Dr. O’Cleirigh directs the Behavioral Science Team at The Fenway Institute with a primary focus on intervention development to support HIV prevention and treatment and LGBT health disparities. The rotation at The Fenway Institute is available to interns who have an interest in HIV research and/or in LGBT health. The rotation is typically arranged for the intern to spend one full day a week at The Fenway Institute with the potential to increase their time during the second semester of the internship year. The opportunities for interns on the Behavioral Science Team at The Fenway Institute multiple and varied and are typically linked to current research projects in progress or in development. These projects are generally conducted by researchers who have their primary appointment at Harvard Medical School and in the Behavioral Medicine Program at Massachusetts General Hospital. The Directors of the Fenway Institute are Drs.
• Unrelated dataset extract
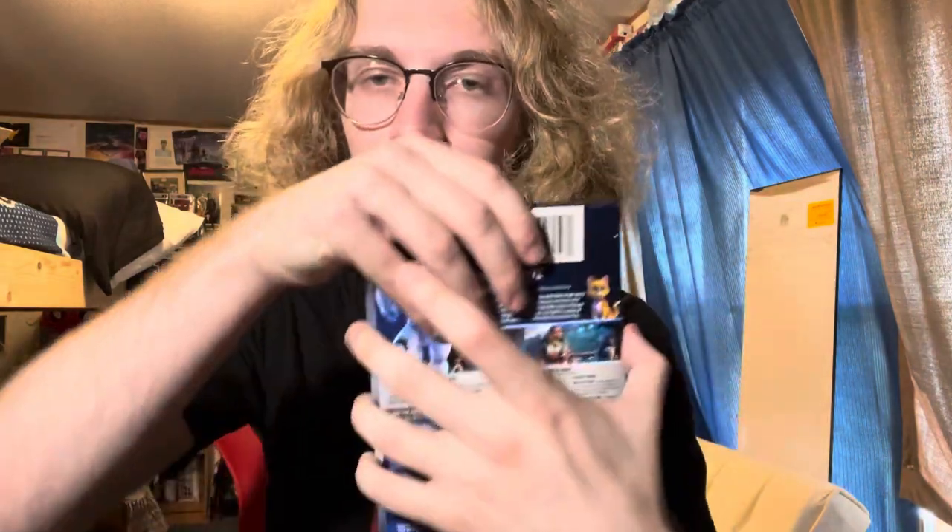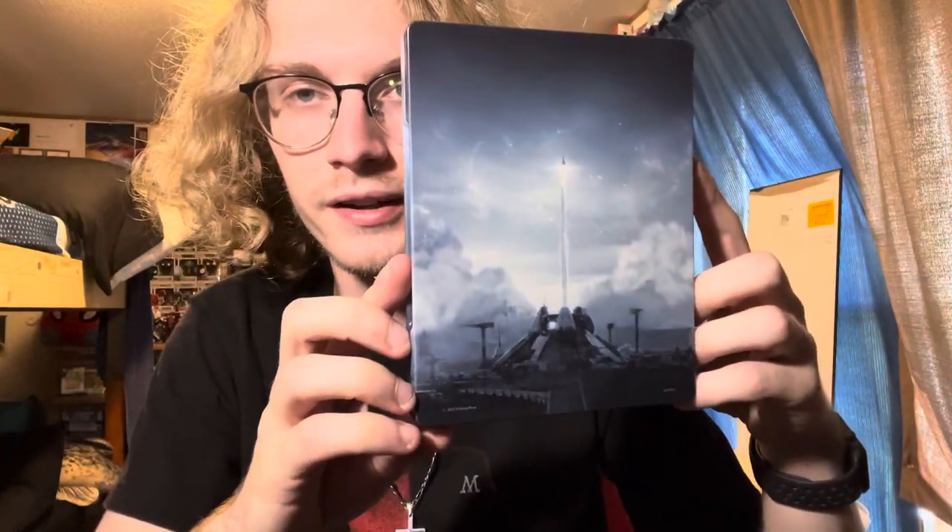It does look really clean though. I was hoping that the steelbook was going to be the poster that's just his armor, his suit. But this is not bad. I guess it would help if I can move my hand. Oh, it's the space station there — so it's probably all one picture, really.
Kenneth Mayer and Judy Bradford who work closely with the Behavioral Sciences Team.
Current behavioral research projects at The Fenway Institute include:
The opportunities for interns on these projects include participating in treatment and treatment development studies as protocol therapists. This involves learning and implementing novel manualized cognitive behavioral treatments and receiving weekly clinical supervision. The intern also participates in weekly research team meetings and other trainings. The intern will also be expected to participate in preparing manuscripts for publication and preparing conference submissions from study data sets. Opportunities to make co-author and first author contributions are available on most of these projects. The Behavioral Science Team is constantly developing new projects and the opportunity to contribute to new and ongoing grant submissions is expected and forms part of the supervised research mentorship that is provided through the rotation at The Fenway Institute.
Interns who elect this rotation enjoy the experience of working in the more relaxed atmosphere of an LGBT Health Center (the largest Health Center meeting the needs of the LGBT Community in the country). This rotation also provides opportunities to become involved in biomedical research projects, ongoing epidemiological studies, and policy and education initiatives all of which form part of The Fenway Institute’s portfolio.